Mais on a peine à croire que François ait ainsi confondu subjectivisme et liberté de conscience, car, en effet, la miséricorde qu’il appelle de ses vœux deviendrait  alors inutile.   JPSC 

Commentaires

  • La notion de péché est indissociable de notre foi chrétienne. Or, l'homme contemporain refuse de plus en plus de faire son examen de conscience et se prend de plus en plus pour l'égal de Dieu, quand il n'en nie pas tout simplement l'existence. En cette semaine sainte, où le Christ a souffert pour racheter nos péchés, ayons l'humilité de confesser nos fautes avant de communier à Pâques.

  • "Examen de conscience" ! Vous croyez qu'il n'y a que ceux qui confessent leurs "péchés" à un prêtre qui font leur examen de conscience ? Et de surplus, qu'ils se prennent, selon votre expression, comme étant l'égal de Dieu ? Quel fameux procès d'intention !

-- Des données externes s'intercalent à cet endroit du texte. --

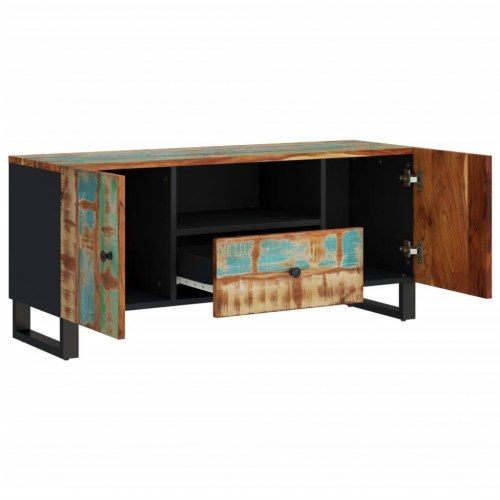 Tv-bord 105×33,5×46 cm i massivt genbrugstræ og konstrueret træ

    Jésus est d'abord venu sur terre pour "nous mieux nous faire connaître le Père" qui est AMOUR ! Pour cela il est allé jusqu'au bout de sa logique d'amour et de justice. Il ne pouvait donc, surtout à son époque où l'on mettait des milliers de gens sur le bois (de la croix, que mourir de cette manière.

    Maintenant, cela ne me dérange pas qu'un forme de théologie insiste sur la logique qui veut que Jésus devait passer par le supplice "de la croix" pour "effacer nos péchés" (nous décharger du péché dit originel). Je préfère dire que Jésus est mort parce que toute sa vie d'engagement ne pouvait que l'amener "là"! Et c'est à partir de ce " profond du mystère (est descendu aux enfers)" qu'il nous a montré aussi la voie de la Résurrection! Nous y sommes, nous aussi, appelés !

  • Il est vrai que l’examen de conscience est, naturellement, aussi concevable en dehors de toute préparation à une confession sacramentelle.

    Par ailleurs, pour un catholique, l’examen de conscience n’est jamais un libre-examen car la liberté de conscience, au sens catholique du terme, postule que je m’efforce d’éduquer cette conscience en sorte que mon jugement personnel se rapproche autant que possible du jugement idéal de la raison droite et se soumette à la loi morale naturelle pour se conformer, de la sorte, à la volonté de Dieu.

    À cette condition seulement, je puis dire que j’agis bien si je me décide à l’action selon ma conscience.